Now secure in his control of Munster, Brian began to impose his authority on the neighbouring provinces of Connacht and Leinster. Brian’s ambitions inevitably brought him into conflict with Dublin’s overlord, Máel Sechnaill. Almost every year, Brian campaigned in either Leinster, Meath or Connacht. Limerick and other Viking towns provided Brian with fleets, which he sent up the River Shannon to ravage the lands of Connacht and Meath on either side. When Donchad mac Domnaill, the king of Leinster, submitted to Brian in 996 Máel Sechnaill recognised him as overlord of all of the southern half of Ireland, including Dublin. Brian almost immediately faced a rebellion by Donchad’s successor in Leinster, Máel Morda, and the king of Dublin, Sihtric Silkbeard (r. 989 – 1036). Sihtric was another son of Olaf Cuarán, by his second wife Gormflaith, who was Máel Morda’s sister. Brian’s crushing victory over the allies at the battle of Glen Mama in 999 left him unchallenged in the south. Brian dealt generously with Sihtric, allowing him to remain king, and marrying Gormflaith, so making him his son-in-law. There was a brief peace before Brian, his sights now set on the high kingship itself, went back onto the offensive against Máel Sechnaill. Sihtric played a full part in these campaigns, providing troops and warships. Finally defeated in 1002, Máel Sechnaill resigned his title in favour of Brian and accepted him as his overlord: it was the first time that anyone other than an Uí Néill had been high king.
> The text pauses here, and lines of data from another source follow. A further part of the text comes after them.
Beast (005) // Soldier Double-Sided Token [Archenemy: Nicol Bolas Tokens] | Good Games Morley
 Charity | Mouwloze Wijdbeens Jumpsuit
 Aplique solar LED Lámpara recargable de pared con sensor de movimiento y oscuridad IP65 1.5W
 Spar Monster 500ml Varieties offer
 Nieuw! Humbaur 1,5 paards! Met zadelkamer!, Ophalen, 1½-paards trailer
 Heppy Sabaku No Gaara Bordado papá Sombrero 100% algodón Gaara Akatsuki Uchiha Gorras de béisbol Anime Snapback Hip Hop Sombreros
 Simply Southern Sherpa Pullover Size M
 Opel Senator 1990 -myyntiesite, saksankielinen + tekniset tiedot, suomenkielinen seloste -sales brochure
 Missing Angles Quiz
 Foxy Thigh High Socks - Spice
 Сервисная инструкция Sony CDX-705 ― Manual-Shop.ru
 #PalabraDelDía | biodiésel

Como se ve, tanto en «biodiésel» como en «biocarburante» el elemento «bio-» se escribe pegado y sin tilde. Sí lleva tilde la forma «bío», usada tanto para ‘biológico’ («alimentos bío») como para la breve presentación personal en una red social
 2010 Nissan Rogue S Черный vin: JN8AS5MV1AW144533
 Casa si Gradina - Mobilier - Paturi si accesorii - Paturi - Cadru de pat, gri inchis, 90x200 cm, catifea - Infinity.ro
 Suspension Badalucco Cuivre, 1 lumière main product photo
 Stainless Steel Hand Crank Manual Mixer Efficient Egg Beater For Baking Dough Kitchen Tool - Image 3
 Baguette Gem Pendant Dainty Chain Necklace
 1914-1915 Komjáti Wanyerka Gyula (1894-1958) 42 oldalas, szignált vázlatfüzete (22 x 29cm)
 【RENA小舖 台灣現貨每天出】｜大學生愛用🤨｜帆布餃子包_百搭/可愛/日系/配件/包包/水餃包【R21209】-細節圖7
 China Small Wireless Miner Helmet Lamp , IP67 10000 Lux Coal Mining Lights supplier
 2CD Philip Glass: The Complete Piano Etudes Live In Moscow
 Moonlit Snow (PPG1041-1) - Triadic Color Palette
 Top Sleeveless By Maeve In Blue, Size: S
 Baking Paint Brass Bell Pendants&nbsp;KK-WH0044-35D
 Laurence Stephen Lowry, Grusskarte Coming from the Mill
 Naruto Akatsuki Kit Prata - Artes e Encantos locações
Two more years of campaigning and every kingdom in Ireland had become tributary to Brian, hence his nickname bóraime, ‘of the tributes’.

The Battle of Clontarf

Brian’s achievement was a considerable one but he did not in any meaningful sense unite Ireland: outside his own kingdom of Dál Cais, Brian exercised authority indirectly, through his tributary kings, and he created no national institutions of government. Nor was the obedience of Brian’s tributaries assured: he faced, and put down, several rebellions. The most serious of these rebellions began in 1013 when Máel Mórda of Leinster renewed his alliance with Sihtric Silkbeard, who, despite Brian’s conciliatory approach, still hoped to recover Dublin’s independence. To strengthen Dublin’s forces, Sihtric called in an army of Vikings under Sigurd the Stout, the jarl of Orkney, and Brodir, a Dane from the Isle of Man, which arrived at Dublin just before Easter 1014. Brian quickly raised an army that included several of his tributary kings, including Maél Sechnaill, and a contingent of Vikings under Brodir’s brother Óspak. The two armies met in battle at Clontarf, a few miles north of Dublin on Good Friday (23 April) 1014. Neither Brian nor Sihtric fought in the battle. Sihtric watched the battle from the walls of Dublin, where he had remained with a small garrison to defend the city if the battle was lost. Now in his seventies or eighties, Brian was too frail to take any part in the fighting and spent the battle in his tent. The exact size of the rival armies is unknown but Brian’s was probably the larger of the two.

The battle opened around daybreak in heroic style with a single combat between two champion warriors, both of whom died in a deadly embrace, their swords piercing one another’s hearts. The fighting was exceptionally fierce but Brian’s army eventually gained the upper hand and began to inflict severe casualties on the Vikings and the Leinstermen. Brian’s son and designated successor, Murchad, led the attack and was said personally to have killed 100 of the enemy, fifty holding his sword in his right hand and fifty holding his sword in his left hand, before he was himself cut down and killed. Among Murchad’s victims was jarl Sigurd. Of the Dublin Vikings fighting in the army, only twenty are said to have survived the battle and the Leinster-Dublin army as a whole suffered as many as 6,000 casualties. By evening, the Leinster-Dublin army was disintegrating in flight and many Vikings drowned as they tried desperately to reach their ships anchored in Dublin Bay. At this moment of victory, Brodir and a handful of Viking warriors broke through the enemy lines and killed Brian as he prayed in his tent. Brodir’s men were quickly killed by Brian’s bodyguards and, according to Icelandic saga traditions, Brodir was captured and put to a terrible death. His stomach was cut open and he was walked round and round a tree until all his entrails had been wound out. Máel Mórda and one of his tributary kings were also killed in the fighting, as too were two tributary kings on Brian’s side.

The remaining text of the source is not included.